## SOURCE DATA
-- -- --

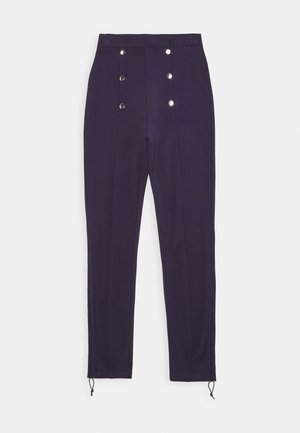 Purple fitted pants with a high waist, featuring five silver buttons along the front, two side pockets, and adjustable ankle ties.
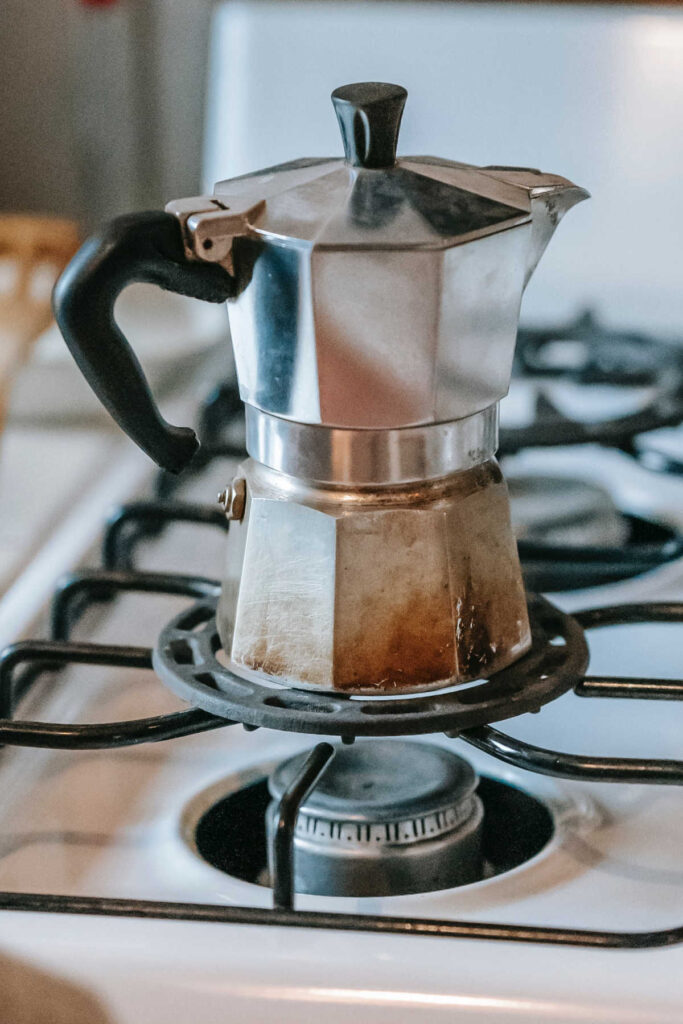 A moka pot on a stove brewing coffee
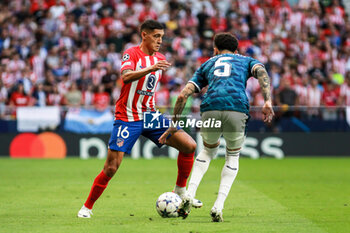 2023-10-04 - Nahuel Molina of Atletico de Madrid and Quilindschy Hartman of Feyenoord during the UEFA Champions League, Group E football match between Atletico de Madrid and Feyenoord on October 4, 2023 at Civitas Metropolitano stadium in Madrid, Spain - FOOTBALL - CHAMPIONS LEAGUE - ATLETICO V FEYENOORD - UEFA CHAMPIONS LEAGUE - SOCCER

-- -- --

## TASK REQUIREMENTS
Write all the lines above out again exactly, minus the images.

## RESULT BELOW
 Purple fitted pants with a high waist, featuring five silver buttons along the front, two side pockets, and adjustable ankle ties.
 A moka pot on a stove brewing coffee
 2023-10-04 - Nahuel Molina of Atletico de Madrid and Quilindschy Hartman of Feyenoord during the UEFA Champions League, Group E football match between Atletico de Madrid and Feyenoord on October 4, 2023 at Civitas Metropolitano stadium in Madrid, Spain - FOOTBALL - CHAMPIONS LEAGUE - ATLETICO V FEYENOORD - UEFA CHAMPIONS LEAGUE - SOCCER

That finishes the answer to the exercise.